Mr. Caxton, growing cross.—“Oh, if you cannot treat on bucolics but what you must hear some Virgil or other cry ‘Stop thief,’ you deserve to be tossed by one of your own ’short-horns.’—(Still more contemptuously)—I am sure I don’t know why we spend so much money on sending our sons to school to learn Latin, when that Anchronism of yours, Mrs. Caxton, can’t even construe a line and a half of Phaedrus. Phaedrus, Mrs. Caxton—a book which is in Latin what Goody Two Shoes is in the vernacular!”
Mrs. Caxton, alarmed and indignant.—“Fie, Austin! I am sure you can construe Phaedrus, dear!”
Pisistratus prudently preserves silence.
Mr. Caxton.—“I’ll try him—
“’Sua cuique quum sit animi
cogitatio
Colorque proprius.’
“What does that mean?”
Pisistratus, smiling.—“That every man has some coloring matter within him, to give his own tinge to—”
“His own novel,” interrupted my father! “Contentus peragis.”
During the latter part of this dialogue, Blanche had sewn together three quires of the best Bath paper, and she now placed them on a little table before me, with her own inkstand and steel pen.

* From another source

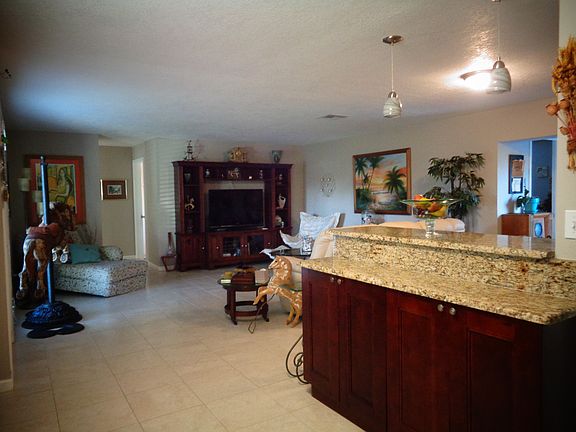 4th image of 6337 29th St S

My mother put her finger to her lip, and said, “Hush!” my father returned to the cradle of the AEsar; Captain Roland leant his cheek on his hand, and gazed abstractedly on the fire; Mr. Squills felt into a placid doze; and, after three sighs that would have melted a heart of stone, I rushed into—MY NOVEL.
* * * * *
CHAPTER II.
“There has never been occasion to use them since I have been in the Parish,” said Parson Dale.
“What does that prove?” quoth the Squire sharply, and looking the Parson full in the face.
“Prove!” repeated Mr. Dale—with a smile of benign, yet too conscious superiority—“What does experience prove?”
“That your forefathers were great blockheads, and that their descendant is not a whit the wiser.”
“Squire,” replied the Parson, “although that is a melancholy conclusion, yet if you mean it to apply universally, and not to the family of the Dales in particular, it is not one which my candor as a reasoner, and my Humility as a mortal, will permit me to challenge.”
“I defy you,” said Mr. Hazledean triumphantly. “But to stick to the subject, which it is monstrous hard to do when one talks with a parson, I only just ask you to look yonder, and tell me on your conscience—I don’t even say as a parson, but as a parishioner—whether you ever saw a more disreputable spectacle?”
While he spoke, the Squire, leaning heavily on the Parson’s left shoulder, extended his cane in a line parallel with the right of that disputatious ecclesiastic, so that he might guide the organ of sight to the object he had thus flatteringly described.